Mary Robinson commends FLAC for 50 years of providing access to justice
Former president Mary Robinson has commended legal rights group FLAC for creating a community of lawyers who pursue access to justice for those who need its services most.
Mrs Robinson, the current chair of The Elders and a former FLAC volunteer, was the guest of honour at the organisation’s 50th anniversary celebration on Friday.
The event incorporated the annual Dave Ellis Memorial, now in its 13th year, with Mrs Robinson describing the late community law activist as “a wonderful champion of those who were the clients of FLAC”.
Working with FLAC provided an important grounding in “the reality of peoples’ lives”, she said, including the women she encountered who had a particularly significant impact on her.
“I’ve always recognised that I was lucky in my life. I was grounded by the women that I had learned about, and that’s what I love about FLAC: It grounds you in the reality of peoples’ lives and it is a really important grounding,” she said in conversation with broadcaster Doireann Ní Bhriain.
“It is a really important part of the rule of law. The legal profession is conservative in many ways, it always has been.
“But those who volunteer for legal aid […] had the wit to realise we’re not serving the people who most need our services and that is a really important thing,” she said.
Mrs Robinson detailed her own partnership with FLAC, beginning with the “extraordinarily important” support she received regarding the unmarried mother’s allowance issue and continuing with the Josie Airey case.
Speaking 29 years and a day since she was elected as president, Mrs Robinson cited a Task Force on Justice report which found that 5.1 billion people do not have access to justice worldwide. She said it was “a great honour and a great responsibility” to be chosen as chair of The Elders and that it was decided before she took on the role that they needed to be very involved in access to justice globally.
“What’s happening in Ireland with the 50th anniversary of FLAC that we’re marking and celebrating, is we have a community [who] recognised that we need to deepen that access to justice and make it more real at local level,” she said.

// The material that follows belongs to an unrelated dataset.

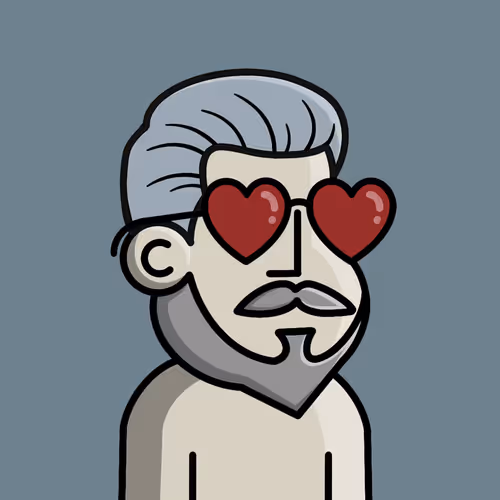 NPC #4629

The Elders are aware that this is “a crucial issue” and she paid tribute to everyone who has volunteered with FLAC.
“It’s so important, because without rule of law and access to justice we don’t have societies, we don’t have security, we don’t have faith in institutions, we don’t have anything.
“It’s absolutely the basic core of our democracy and we have underestimated it too often,” she said.
In a panel discussion on FLAC through the decades, FLAC chief executive Eilis Barry described a similar “shared spirit of humanity and ethics” at the hearts of people connected to the organisation.
Karen Banks, deputy director general of the European Commission’s Legal Service, also spoke about the sense of “kinship” or “ownership” felt by people who have worked with FLAC long after they departed their roles.
“It’s inspiring to see from generation to generation that there is always someone willing to take up the baton and continue the work,” Ms Banks said.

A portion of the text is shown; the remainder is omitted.